At 10:03 a.m., the fourth and final bell was rung by New Jersey Veterans of Foreign Wars Commander Duane Sarmiento for United Airlines Flight 93, which crashed in Shanksville, Pa., when passengers and crew tried regain control from hijackers.
In Chestnut Branch Park’s 9/11 Memorial Place of Reflection are several artifacts from the day’s events, such as a twisted I-beam recovered from the World Trade Center, plaques for Rodak, Brandemarti and Thomson and a flagpole donated by the Rodak and Brandemarti families.
Six flagpoles representing each branch of service and the American flag, a block of limestone from the Pentagon and an open space for those who sacrificed their lives in Shanksville complete the park’s memorial.
Devon Rodak makes it a priority in her life to teach those who were not born yet or do not have memories of the attacks what it meant to her, how to get through the grieving process and what America, today, can learn from it.
“In high school, I wrote a story about what I’ve been through and how suicide or drugs is not the answer — there’s better things, and it will always get better,” she said. “I read that at Rowan [University] to a huge crowd, and since then, I’ve always written things.”

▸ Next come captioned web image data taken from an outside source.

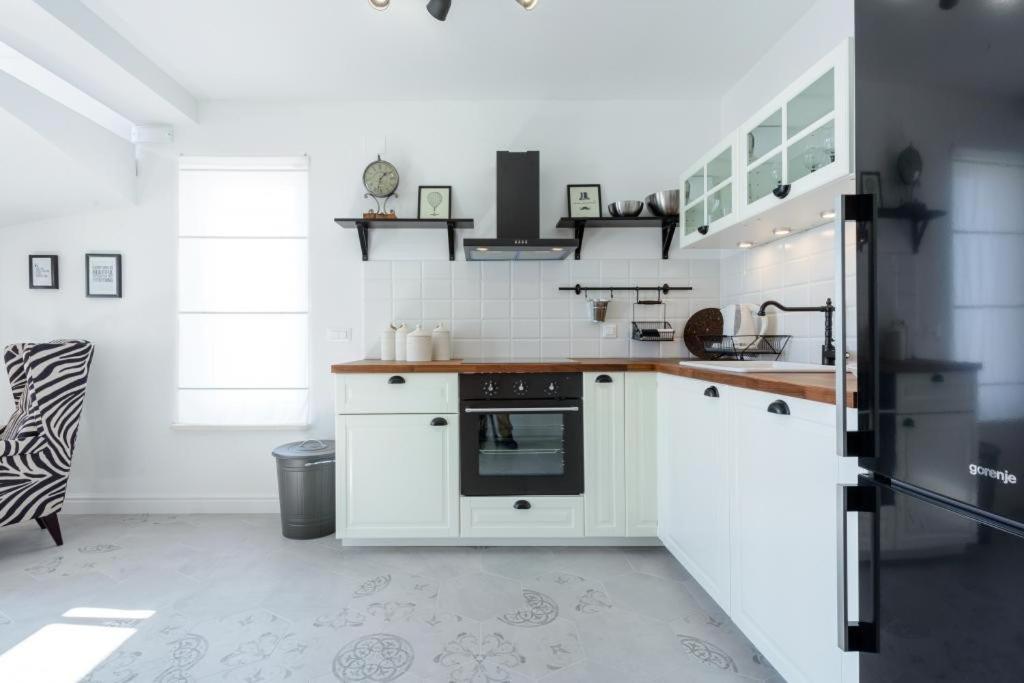 Apartments Villa Capitano 믈리니 외부 사진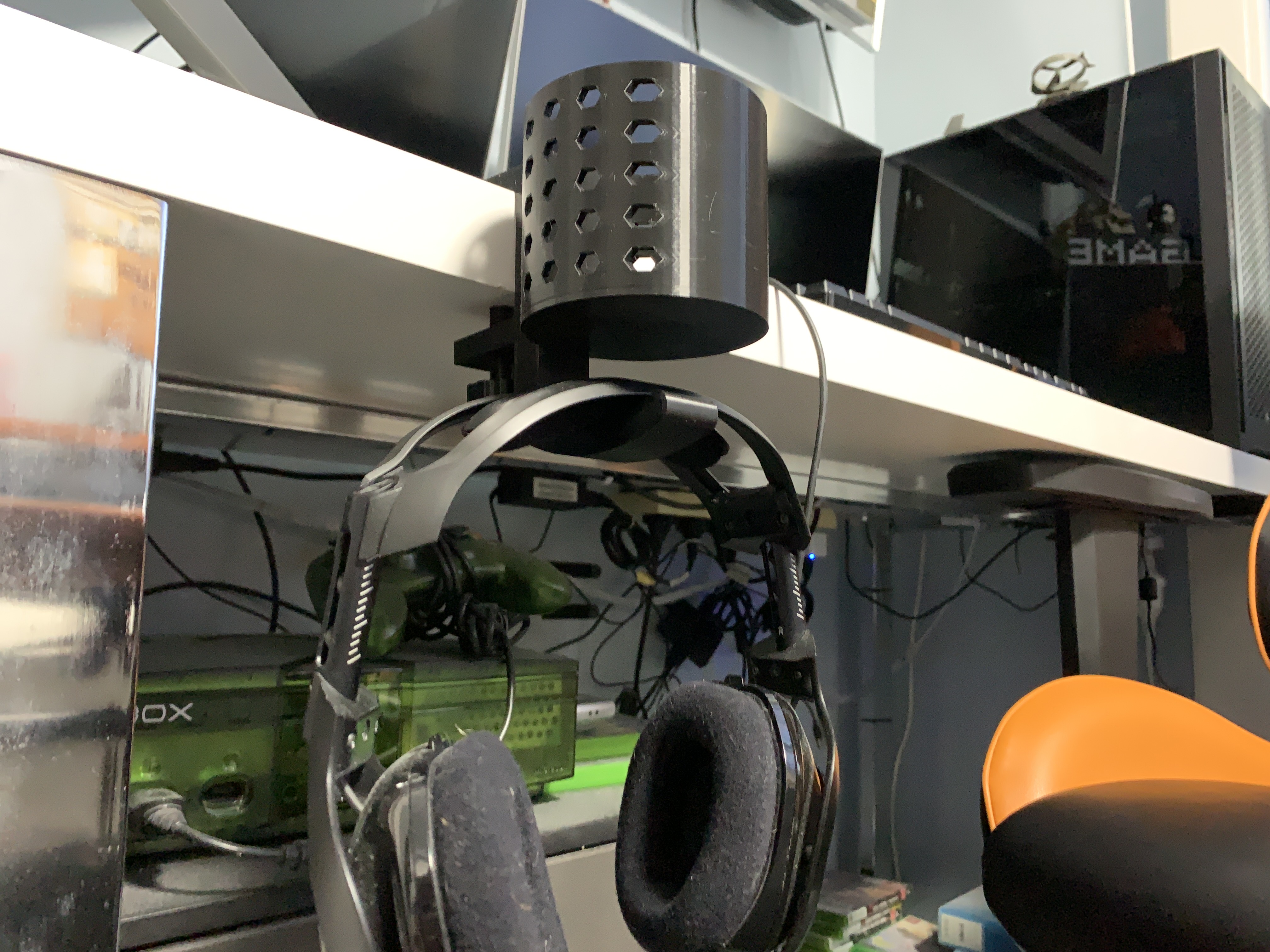 Desk Edge Bottle and Headphone Holder 2b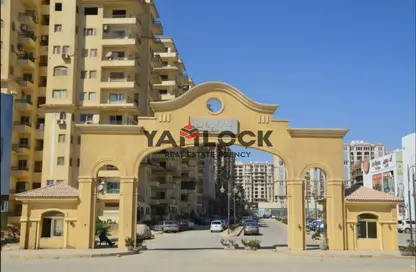 Apartment - 3 Bedrooms - 2 Bathrooms for sale in Souk Zahraa Al Maadi St. - Zahraa El Maadi - Hay El Maadi - Cairo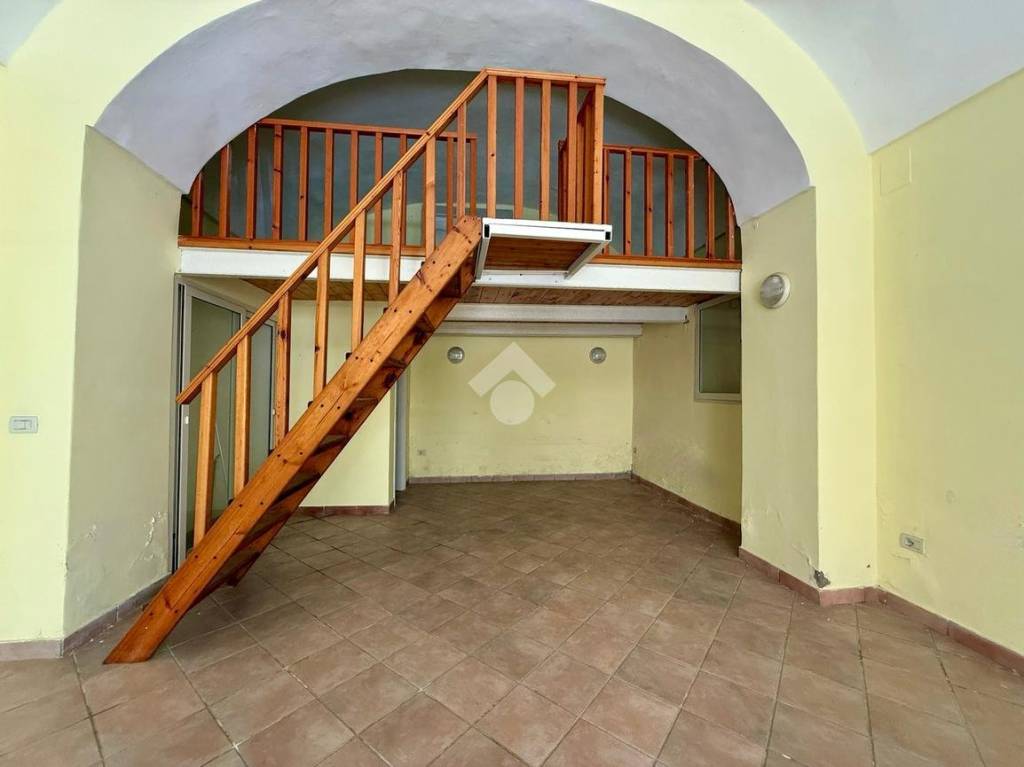negozio in affitto ad Ischia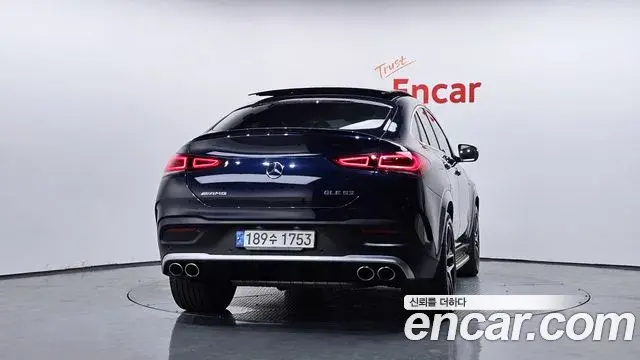 Mercedes-Benz GLE-Class 2021 — Photo 32/37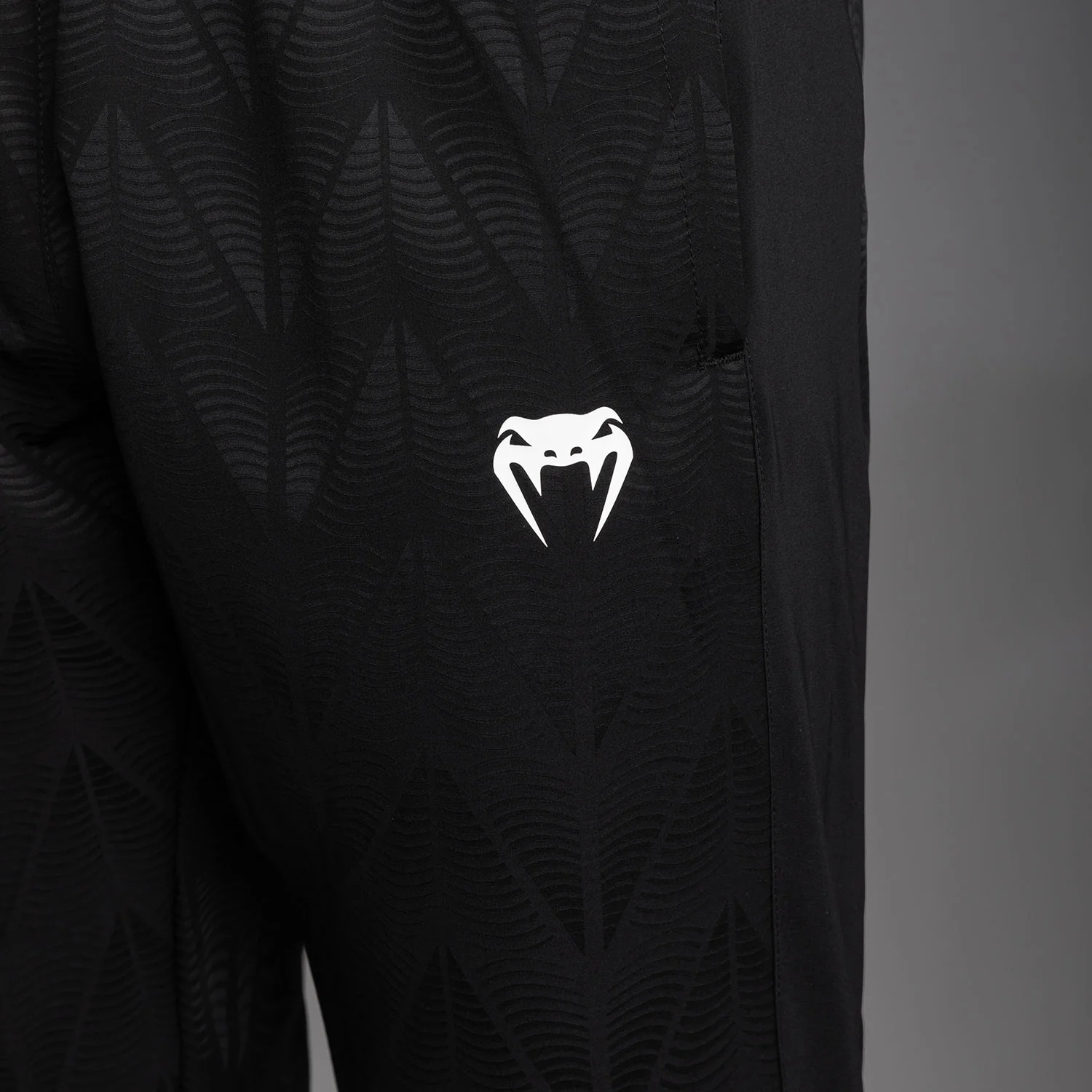 Men's UFC Zenith by Venum Black Authentic Fight Night Walkout Pant - Image 6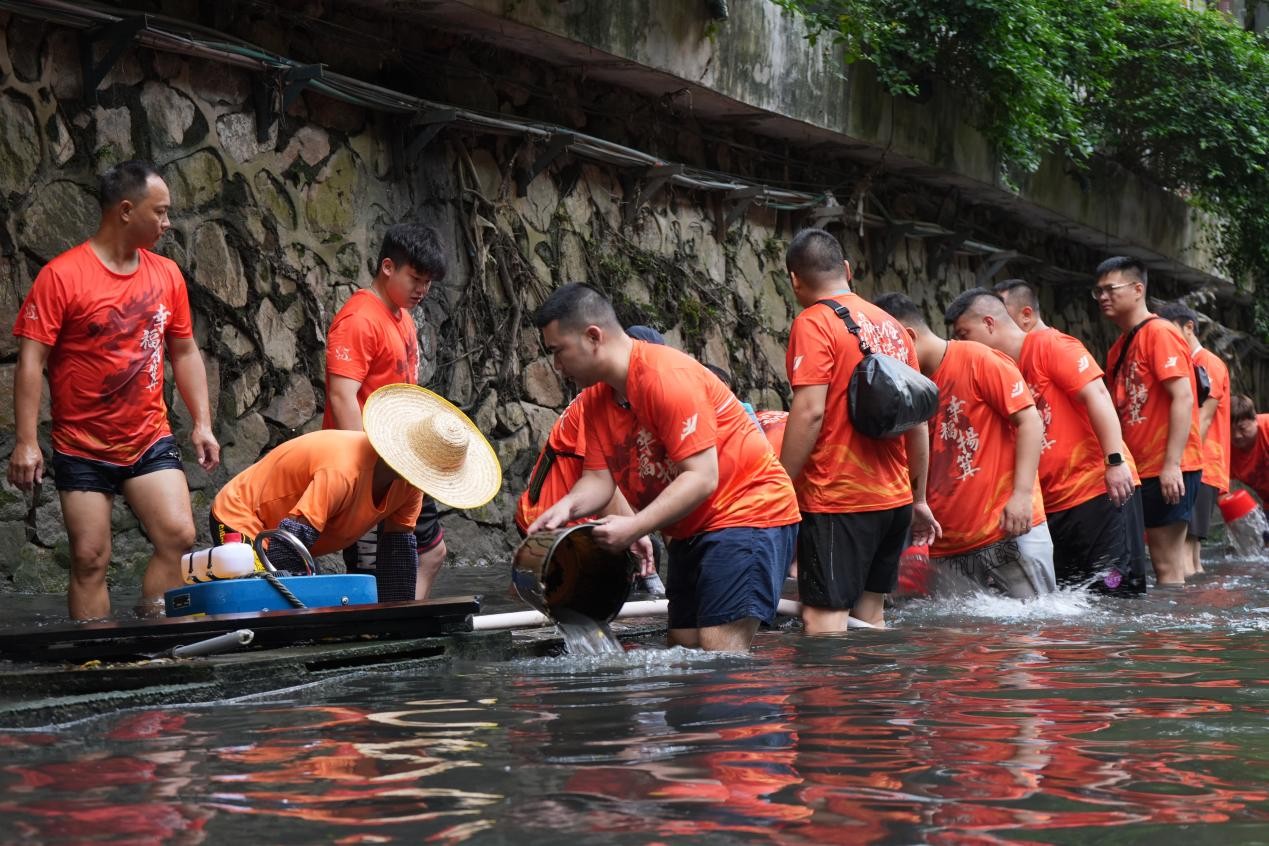 Upacara membangunkan bot naga di kampung Yangji. (People's Daily Online/Han Yuxuan)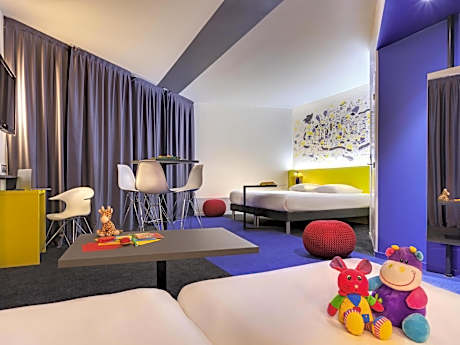Standard Family Suite with One Double Bed and Twin Beds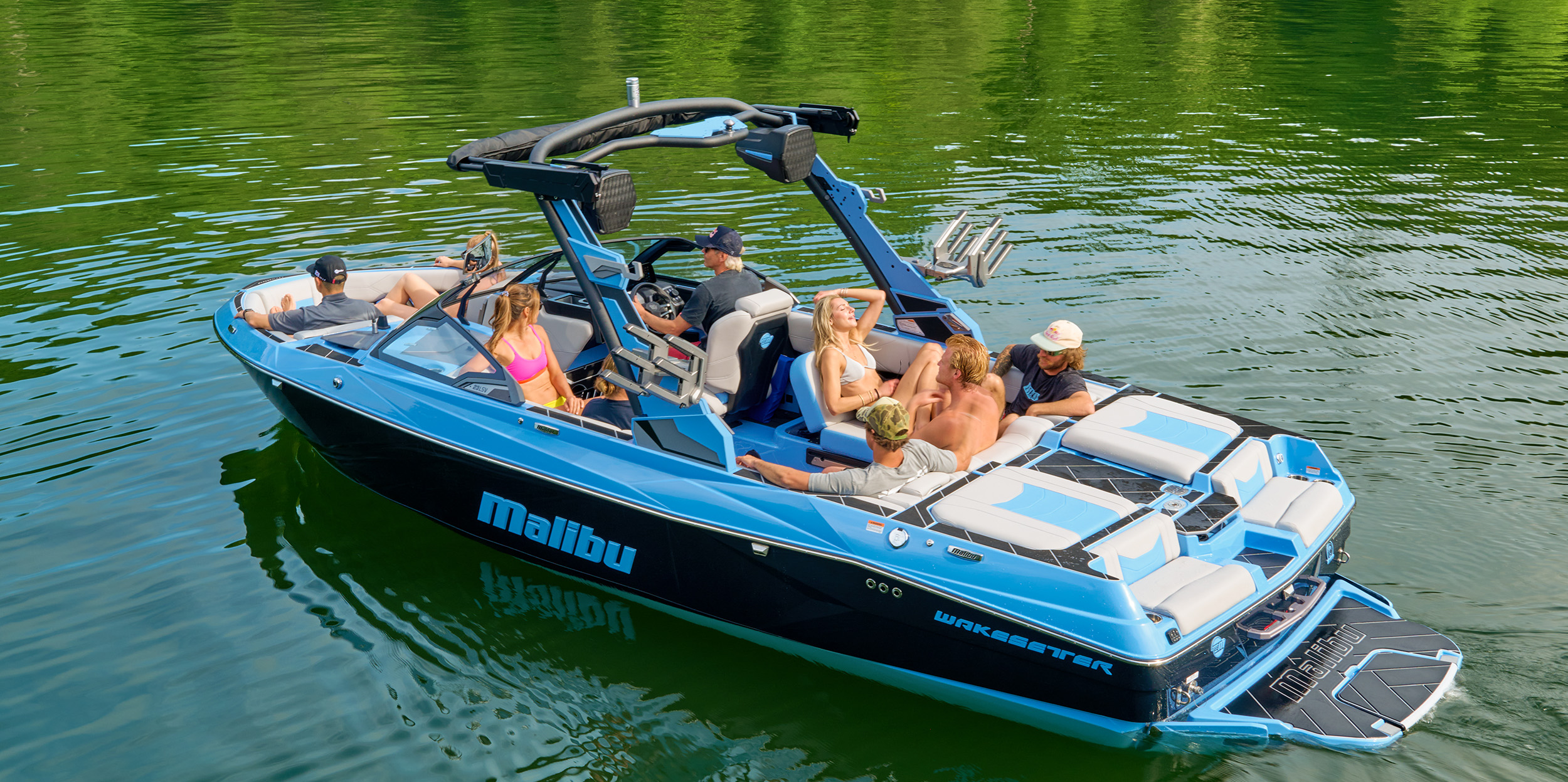 2026 Malibu Wakesetter Trailering
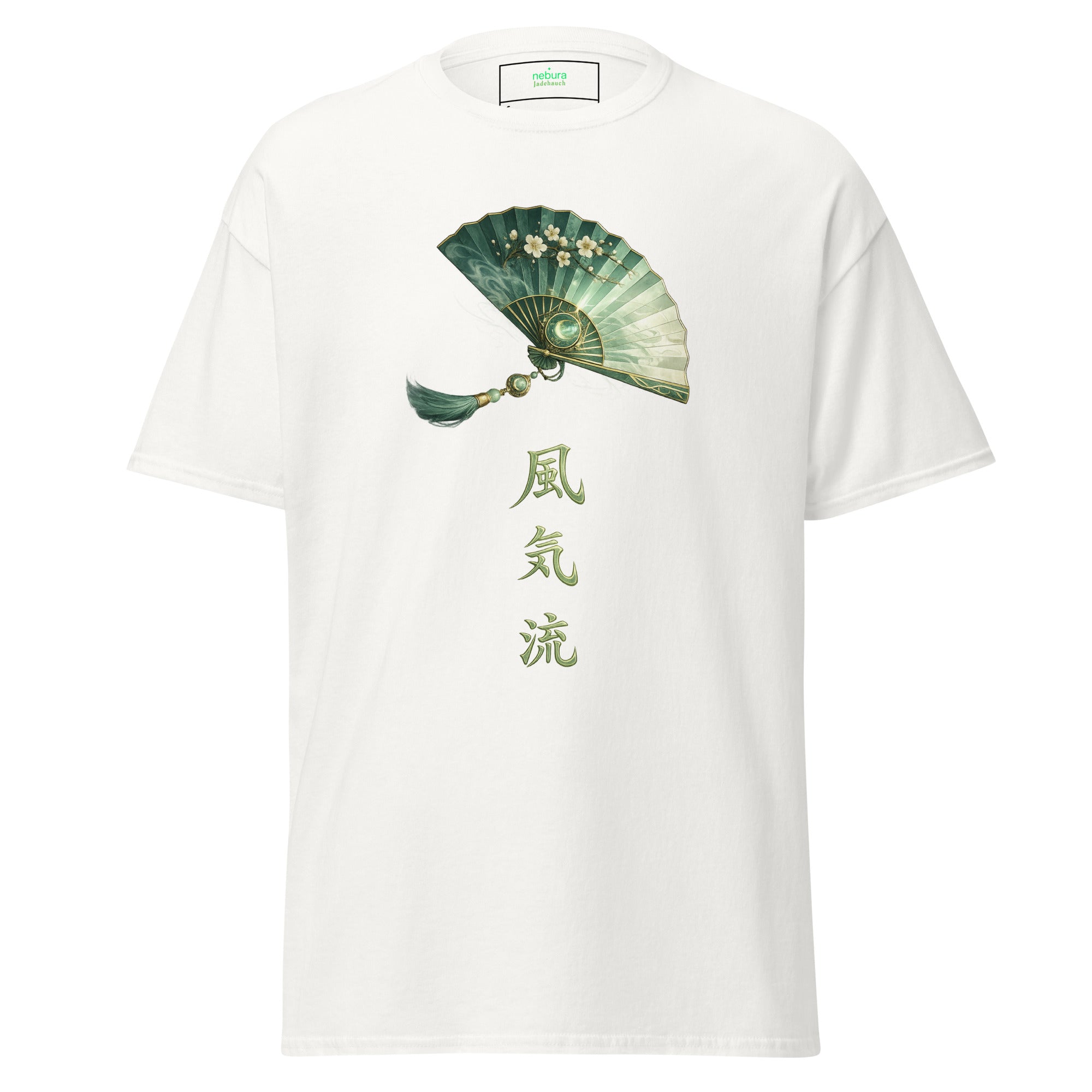 Nebura Jadehauch T-Shirt weiß mit japanischem Fächer-Motiv und vertikaler Schrift auf der Frontseite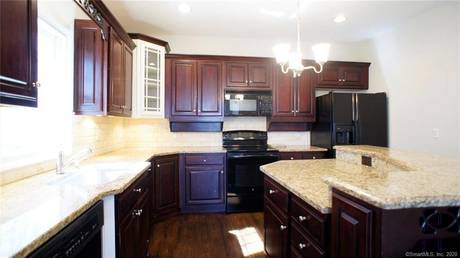 Condo Home For Sale in Norwalk CT 06851. house near waterfront with 1 car garage.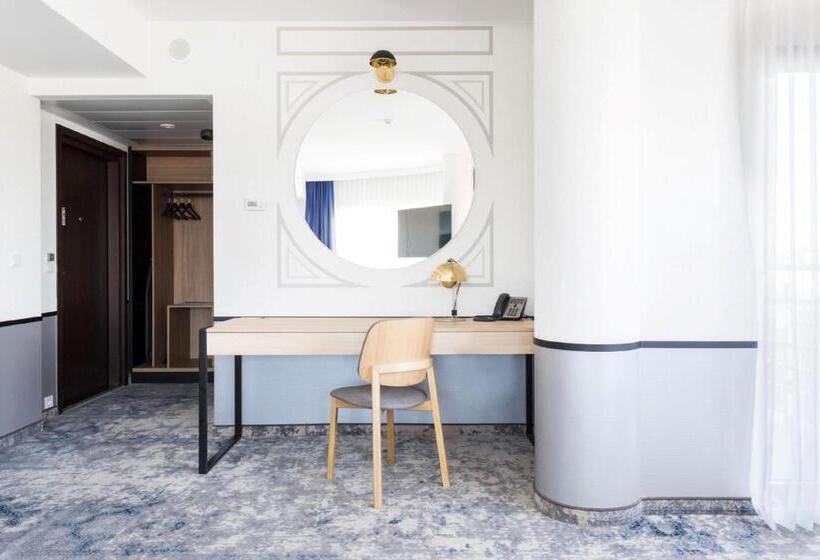 جناح جونيور, Qubus Hotel Kraków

White reminds people that 9/11 was an event that changed everyone’s lives in an instant and it brought Americans together during a time of tragedy.
“Seventeen years later, you’ve gotten to a time where everybody pulls together because of it, and they have, especially in Gloucester County,” White said. “Everybody has come together for 17 years, nonstop, just to acknowledge sacrifice and remember the people who were affected.”